Alpenrose Dairy is a dairy and home delivery company located in the Hayhurst neighborhood of southwest Portland, Oregon, since 1916. It was owned by the Cadonau family for several generations until being sold to Smith Brothers Farms, a family-owned dairy located in Kent, Washington, in August 2019. 

The brand was named after the alpine rose (Rosa pendulina) by the Swiss-born wife and early co-owner of the dairy. Alpenrose is a "supplier of dairy products to retail, wholesale and ingredient customers in Portland and throughout the Northwest". In 2020, addressing the growing demand for delivery services the company introduced Alpenrose Home Delivery, a weekly grocery delivery service that provides customers with Alpenrose brand dairy products and other locally-made grocery items. Deliveries are facilitated by the company's fleet of milkmen and milkwomen, who deliver groceries by neighborhood and are unique to the service.

The  grounds of the dairy include:
Circuit d'Alpenrose, a velodrome, one of only 25 such tracks in the United States. The track was built to host the 1967 National Championships.  At 268.43 meters around with a  radius and a 43-degree bank, Alpenrose is one of the steepest velodromes in the country. Alpenrose is home to the only North American Six-day race. It hosts races all summer, and annually draws the largest velodrome crowd in North America for the Alpenrose Challenge, in mid-July.
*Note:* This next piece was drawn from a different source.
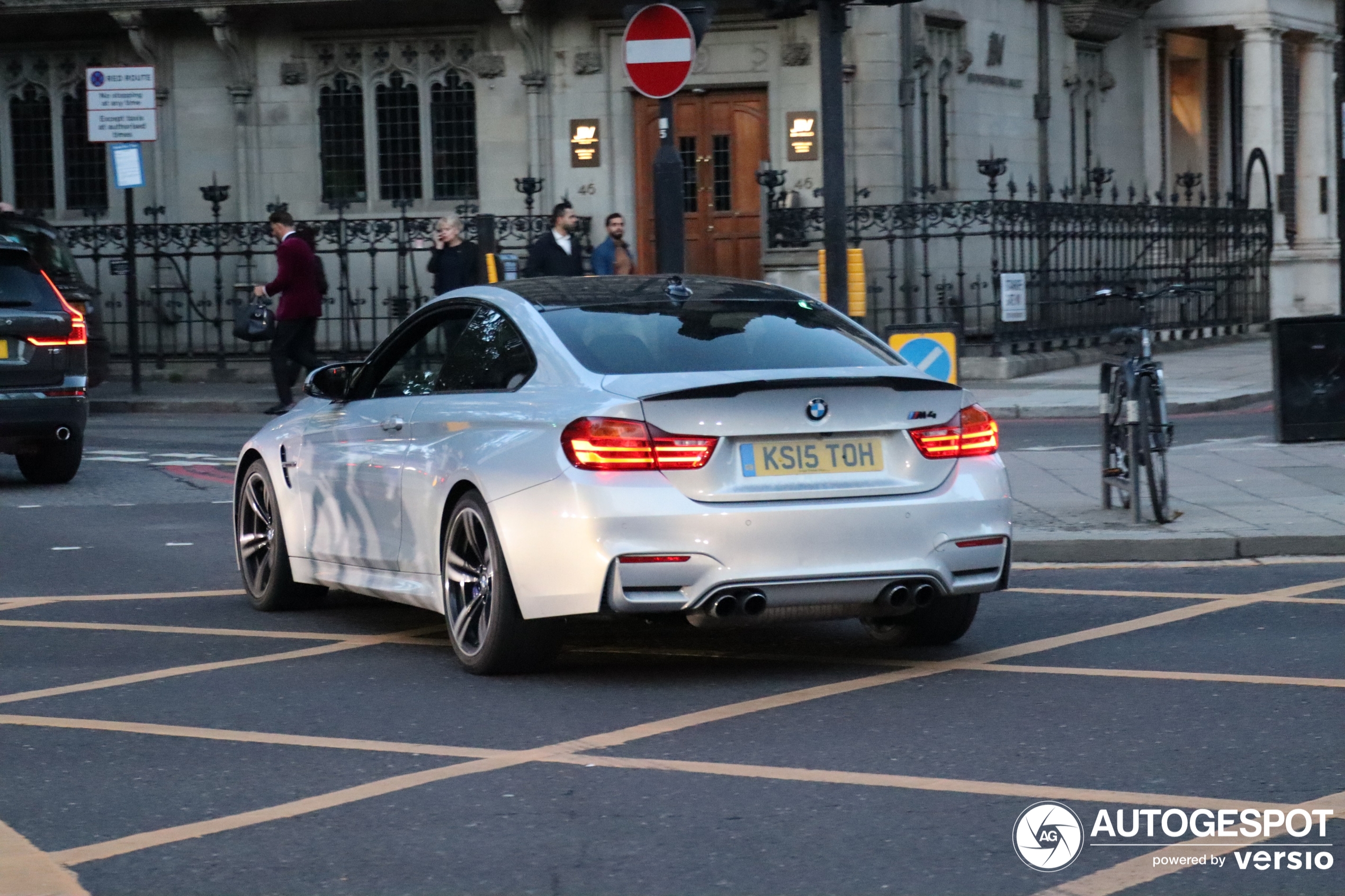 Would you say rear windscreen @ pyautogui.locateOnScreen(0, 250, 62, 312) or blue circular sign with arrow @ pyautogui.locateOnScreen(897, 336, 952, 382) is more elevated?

Alpenrose Field, the site of baseball and softball games, including Little League Softball World Series games, from 1956-2019.
Dairyville, a replica of a western frontier town, with false-front shops, a doll museum, an ice cream parlor, a harness-maker's store, a music shop, and a 600-seat opera house with a pipe organ (with 4000 pipes).
A quarter-midget racing arena.

Products from Alpenrose include milk, ice cream, eggs, and various cultured dairy products.

Dairyville 

Dairyville was added to Alpenrose sometime in the 1960s. As stated above, the replica frontier town consists of a few streets of false front stores, a doll museum, an ice cream parlor, a music shop and a 600-seat opera house. The theater's pipe organ was salvaged from the Portland Civic Auditorium. Dairyville is typically open to the public on holidays and during the summer months.
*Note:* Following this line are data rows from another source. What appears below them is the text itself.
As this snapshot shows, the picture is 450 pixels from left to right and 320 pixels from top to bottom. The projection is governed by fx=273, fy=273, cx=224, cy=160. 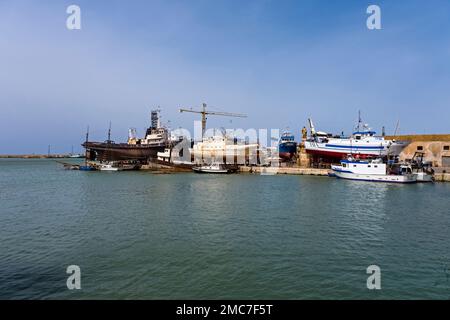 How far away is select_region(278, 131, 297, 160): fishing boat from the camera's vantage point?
280 ft

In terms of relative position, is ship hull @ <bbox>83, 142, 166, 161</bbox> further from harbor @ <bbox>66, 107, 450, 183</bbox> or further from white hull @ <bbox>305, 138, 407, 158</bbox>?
white hull @ <bbox>305, 138, 407, 158</bbox>

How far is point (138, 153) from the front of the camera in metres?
86.8

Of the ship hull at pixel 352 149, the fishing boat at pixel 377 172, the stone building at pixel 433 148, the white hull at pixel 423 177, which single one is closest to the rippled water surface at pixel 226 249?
the fishing boat at pixel 377 172

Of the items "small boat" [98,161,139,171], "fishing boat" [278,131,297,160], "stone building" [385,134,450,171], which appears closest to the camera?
"stone building" [385,134,450,171]

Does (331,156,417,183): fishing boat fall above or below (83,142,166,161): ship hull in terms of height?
below

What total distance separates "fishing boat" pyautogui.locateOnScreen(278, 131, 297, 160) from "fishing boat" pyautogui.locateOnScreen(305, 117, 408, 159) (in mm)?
13201

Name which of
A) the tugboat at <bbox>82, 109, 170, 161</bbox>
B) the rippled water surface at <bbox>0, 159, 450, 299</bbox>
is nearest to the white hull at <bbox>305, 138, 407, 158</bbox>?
the rippled water surface at <bbox>0, 159, 450, 299</bbox>

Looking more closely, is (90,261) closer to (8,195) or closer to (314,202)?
(314,202)

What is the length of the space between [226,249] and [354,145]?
5590 centimetres

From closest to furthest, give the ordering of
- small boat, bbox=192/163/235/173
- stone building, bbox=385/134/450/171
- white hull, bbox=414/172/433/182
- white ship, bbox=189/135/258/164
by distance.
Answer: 1. white hull, bbox=414/172/433/182
2. stone building, bbox=385/134/450/171
3. small boat, bbox=192/163/235/173
4. white ship, bbox=189/135/258/164

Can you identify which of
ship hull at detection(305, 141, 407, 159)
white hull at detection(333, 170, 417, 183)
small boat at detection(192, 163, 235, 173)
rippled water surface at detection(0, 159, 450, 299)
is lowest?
rippled water surface at detection(0, 159, 450, 299)

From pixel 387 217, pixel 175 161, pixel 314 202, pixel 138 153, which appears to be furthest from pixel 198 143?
pixel 387 217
For decades, Dairyville has hosted an annual holiday event called "Christmas in Dairyville." In addition to a gift shop and a house where children can have their photos taken with Santa Claus, there's also "Storybook Lane," an elaborate, walk-through attraction. Visitors wander through a snowy, moonlit mock-village inhabited by farm animals and displays based on Mother Goose's fables. The attraction also includes a tiny fire station for kids to play in. Elsewhere on the property, choir groups from local schools perform. Dairyville's opera house also hosts nightly screenings of comedy shorts featuring The Three Stooges and Laurel and Hardy, along with more contemporary entertainment like the 2004 film adaptation of The Polar Express. The event ended its annual run in 2005 but returned again for the 2011 Christmas season.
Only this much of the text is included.